Astaxanthin prevents against lipopolysaccharide-induced acute lung injury and sepsis. - GreenMedInfo Summary
Astaxanthin prevents against lipopolysaccharide-induced acute lung injury and sepsis via inhibiting activation of MAPK/NF-κB.
Am J Transl Res. 2019 ;11(3):1884-1894. Epub 2019 Mar 15. PMID: 30972212
BACKGROUND: Endotoxin-induced acute inflammatory diseases such as sepsis, mediated by excessive production of various pro-inflammatory cytokines remain the leading cause of mortality in critically ill patients. Lipopolysaccharide (LPS), the characteristic endotoxin found in the outer membrane of Gram-negative bacteria, can induce the innate immunity system and through Mitogen activated protein kinase (MAPK) and Nuclear Factor-κB (NF-κB), increase the production of inflammatory mediators. Astaxanthin (ASX), a xanthophyll carotenoid, exerts beneficial effects against oxidation, inflammation, and cancer. But poor evidence has been reported that whether it has protective effects on LPS-induced injury. This study aims to investigate the effects of ASX on LPS-induced sepsis and acute lung injury and to demonstrate its mechanisms.
METHODS: Mouse prime macrophage (MPM) challenged with LPS were used for in vitro pharmacological activity and mechanistic studies. Inflammatory facors (tumor necrosis factor-alpha and interleukin-6 levels) in MPM were determined. The mouse models of LPS-induced sepsis and acute lung injury administrated with or without the compound were used for in vivo studies.
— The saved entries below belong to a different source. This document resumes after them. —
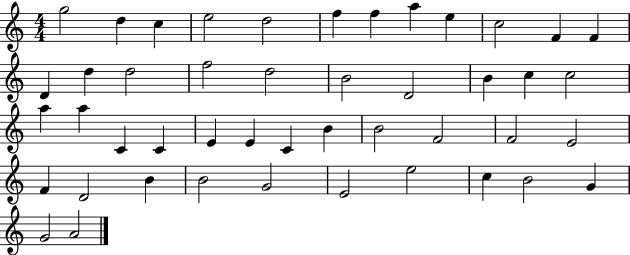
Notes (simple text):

G5/h D5/q C5/q E5/h D5/h F5/q F5/q A5/q E5/q C5/h F4/q F4/q D4/q D5/q D5/h F5/h D5/h B4/h D4/h B4/q C5/q C5/h A5/q A5/q C4/q C4/q E4/q E4/q C4/q B4/q B4/h F4/h F4/h E4/h F4/q D4/h B4/q B4/h G4/h E4/h E5/h C5/q B4/h G4/q G4/h A4/h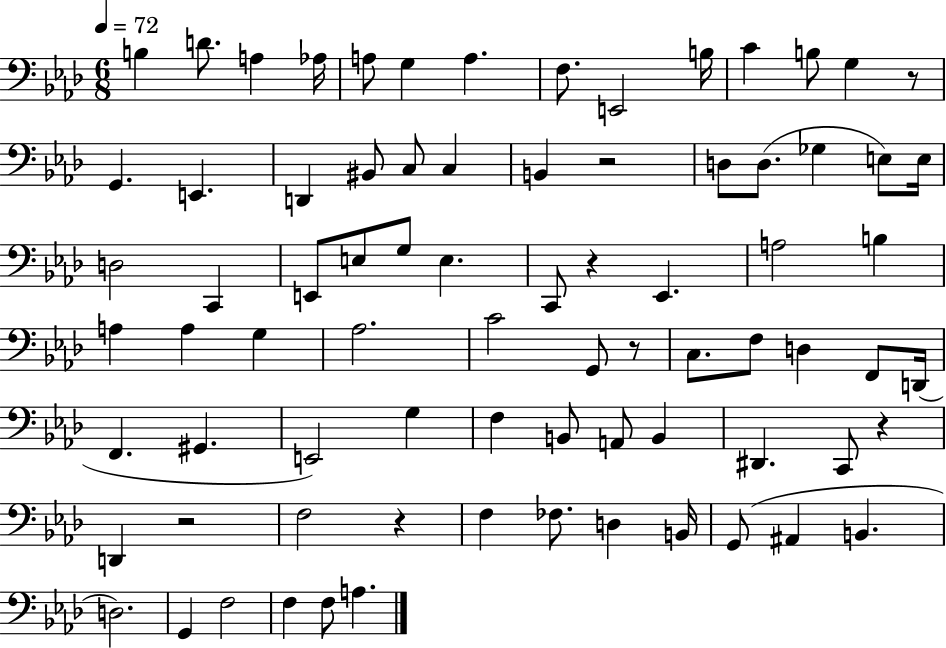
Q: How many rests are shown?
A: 7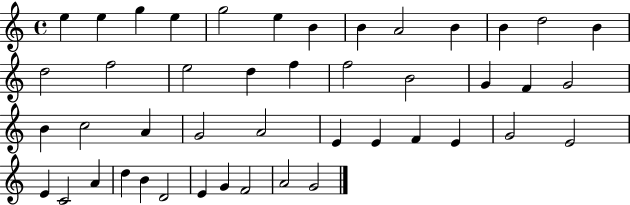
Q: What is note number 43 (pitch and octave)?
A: F4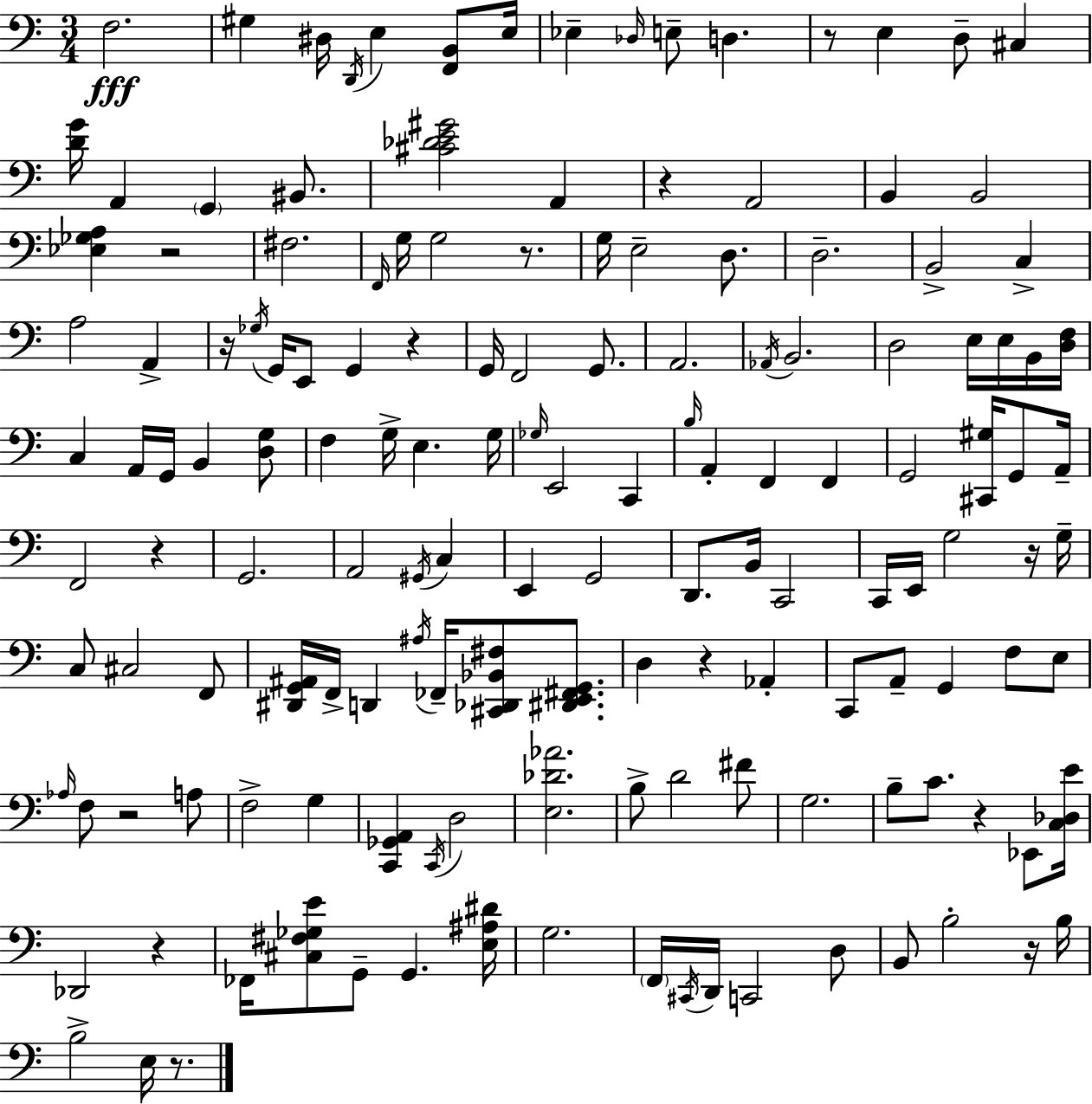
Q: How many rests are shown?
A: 14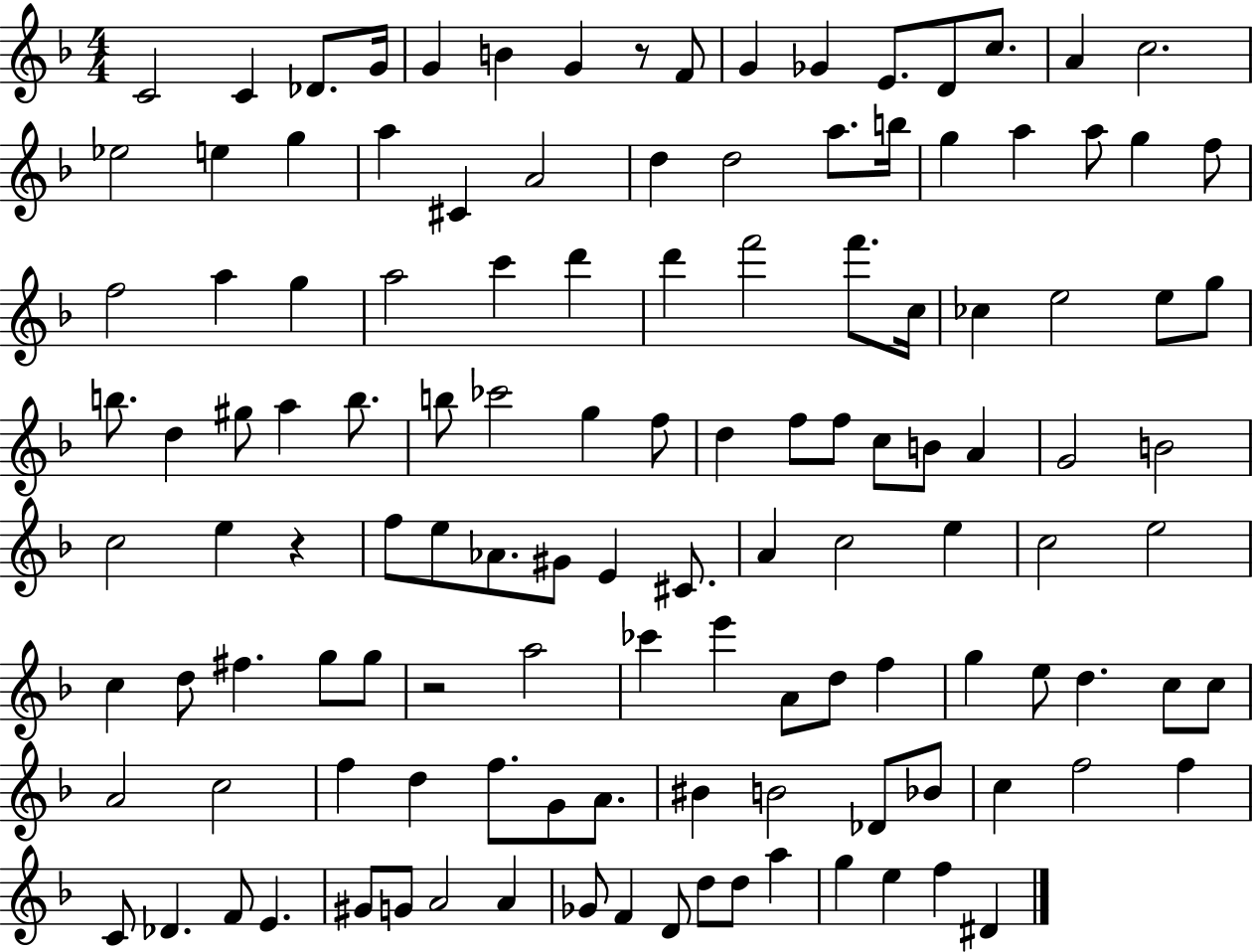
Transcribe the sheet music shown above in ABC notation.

RESULTS: Pre-treatment of MPM with ASX inhibited MAPK/NF-κB signaling pathway, and attenuated LPS-increased inflammatory factors in vitro. In animal models of LPS-induced sepsis and acute lung injury, administration of ASX significantly improved survival and protected lung injury. Subsequently, ASX was shown to suppress LPS-induced inflammatory factors increase, MAPK phosphorylation, and NF-κB activation.
CONCLUSIONS: ASX exerts impressively protective effects on LPS-induced injuryand. Taken together, it might be used as a potential candidate for clinical sepsis.